In IT, a small number of users who are picked for the deployment of certain functionality, are acting like canaries. The development team and managers observe dashboards and metrics closely, and if “the canary” is reacting badly to the fresh release, this new functionality is quickly disabled. If the canary subset of users do not show any signs of any critical issues with the new code, the release is deployed to all users (sometimes gradually).
Goals of canary testing
The purpose of canary testing is to ensure the new release is stable and does not introduce critical issues. Any testing prior to release can only cover so much, as it’s impossible to ensure that the changes introduced to the system do not cause any unintended consequences or issues on production with real users. One of the potential reasons for this is that developers and QAs are all somewhat influenced by their mental sets: the way we think is heavily influenced by our profession and experience, one might even say we are framed by our work to think in a certain way. Testing on a small but representative number of real users is another safeguard against potentially overlooked issues.
How canary testing works
The canary testing procedure is quite straightforward. As soon as you have a release which you think might be risky to release to everyone, you follow these steps:
1. Select the canary test group for the release
The dev and QA team select a small subset of the user base to act as testers for this release. This group should be large enough to produce results that allow for meaningful statistical analysis but small enough to minimize risk.
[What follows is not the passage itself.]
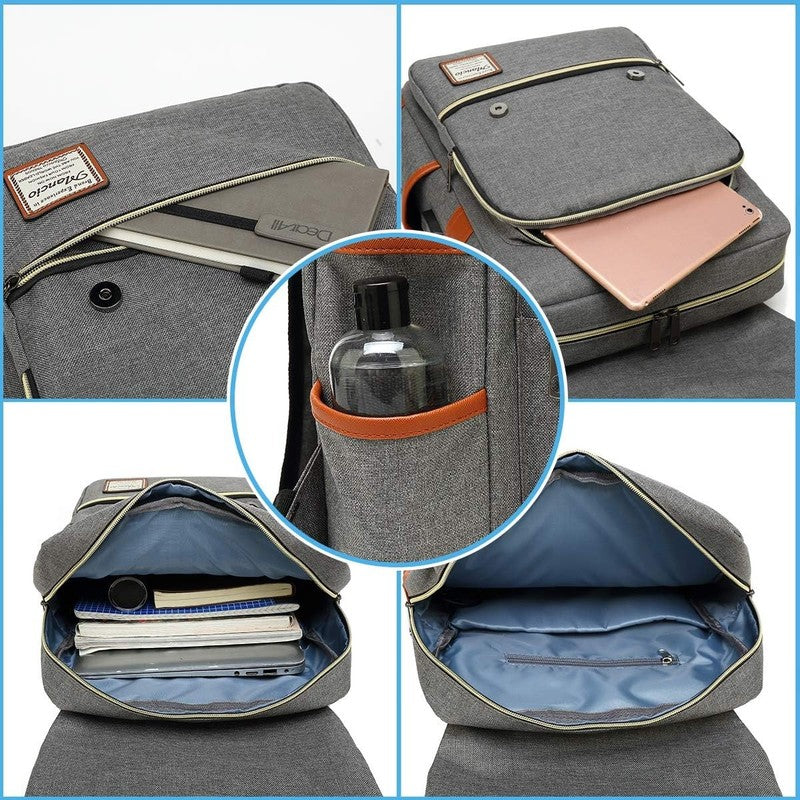 Vintage Laptop Backpack USB Charging Slim 15.6" Travel College Grey4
Psychology studies have demonstrated a particular phenomenon: when people are aware they are being watched or studied, their behavior changes (so-called Hawthorne effect). This is the reason for selecting people to be part of a testing group without making them aware of it, so that their behavior will be precisely as it was before. Since their behavior isn’t changed by their awareness of the experiment, monitoring will show any issues caused by the new release.
2. Setup the testing environment
The team sets up a testing environment that operates in parallel with the existing live environment but with no real users.
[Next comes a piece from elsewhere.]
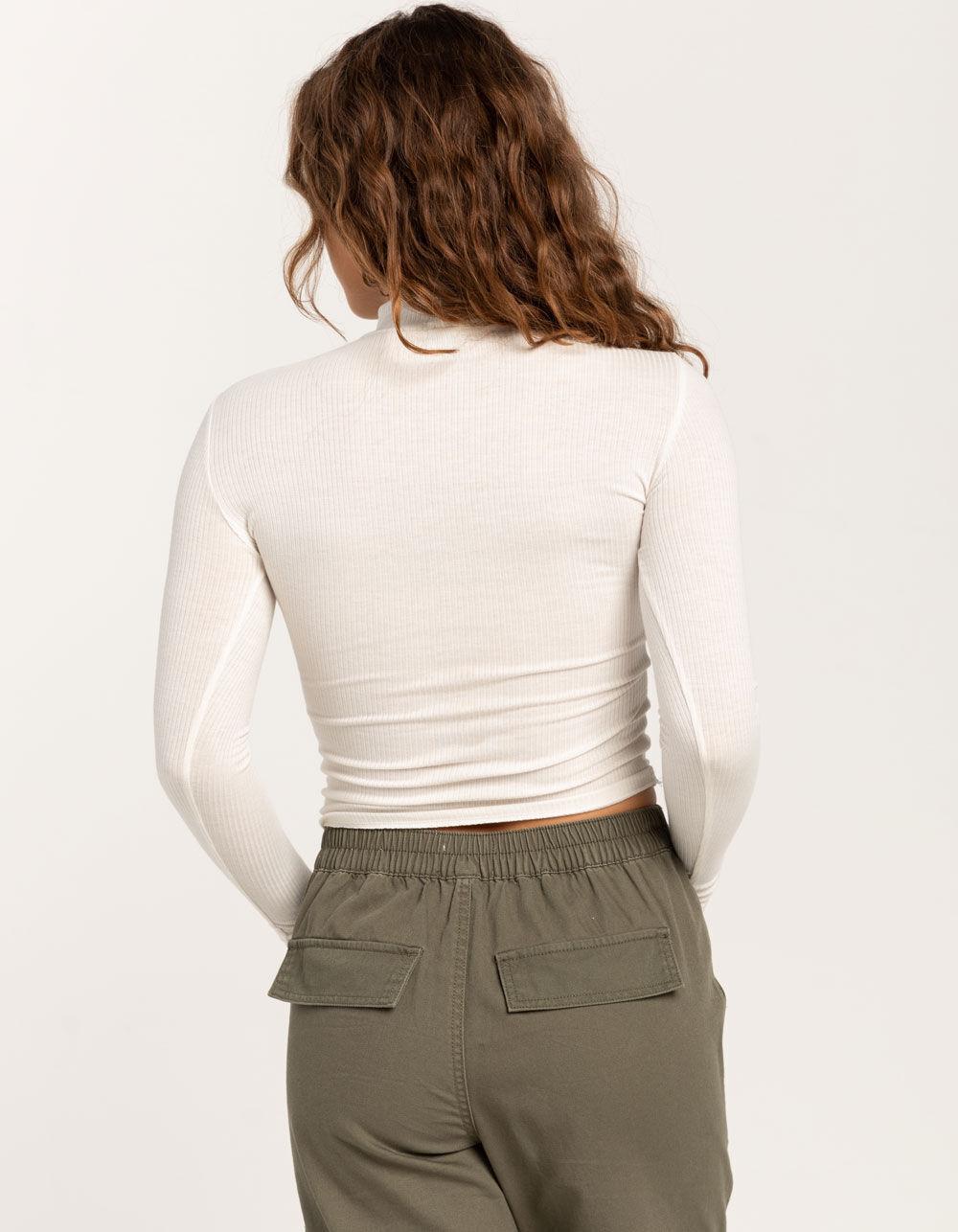 TILLYS Mock Neck Womens Long Sleeve Tee - OFF WHITE Product Image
The new release is deployed to this new test environment.
Then the system’s load balancer is configured to route requests from the designated canary users to the new environment. This ensures that only the selected subset of users interacts with the new version.
3. Monitor the test
The team continuously monitors the canary test environment for important metrics such as error rates, response times, latency, CPU and memory utilization, I/O load, etc. This step lasts long enough to gather sufficient data to evaluate the new version’s performance and stability.
If any of the important metrics show an unexpected drop or surge, the canary test is turned off, the canary test users are rerouted back to the original version, and the new version is pulled back for further development.
4. Evaluate the results and rollout or rollback
If the new version meets predefined deployment criteria (e.g., performance benchmarks, low error rates, positive user feedback), it is deemed ready for wider release.
If there is still some doubt about the code changes and the team decides to get more monitoring data, more users are routed to the canary test environment.
If there are no apparent issues, the new release is rolled out to the normal production environment and reaches all users. Then, the canary users are rerouted to the normal production environment as well. As soon as the canary test environment has no users, it is shut down.
At this stage, the canary test is considered successfully performed and finished.
How canary testing differs from similar testing types
Canary testing vs. A/B testing
Canary testing simply ensures the new release is stable and does not introduce critical issues, while A/B testing determines which version of a feature or design performs better in achieving specific goals.
Canary testing also focuses more on operational metrics like error rates, performance, and stability, while A/B Testing focuses on user behavior metrics like click-through rates, conversion rates, engagement, and user satisfaction.
One can say that canary testing minimizes risk by limiting exposure to potential issues in new software releases while A/B Testing allows for more informed decisions in the feature design and UX.
Canary testing is much simpler to perform, as one needs only to select a small but representative group of users for the test. A/B testing requires much more careful selection of users for the testing groups (e.g., group A and group B). For A/B testing, both groups must comprise statistically representative groups of the overall user base. This is crucial because the results need to be valid and general to the entire user population.
Additionally, for A/B tests, users need to be randomly assigned to different groups to avoid biases that could affect the outcome. Randomization ensures that the differences in performance between versions are due to the changes made and not due to underlying differences between user groups. While choosing groups for A/B testing, factors like demographics, user behavior patterns, and other relevant attributes must be taken care of for even distribution across test groups to ensure the comparability of results.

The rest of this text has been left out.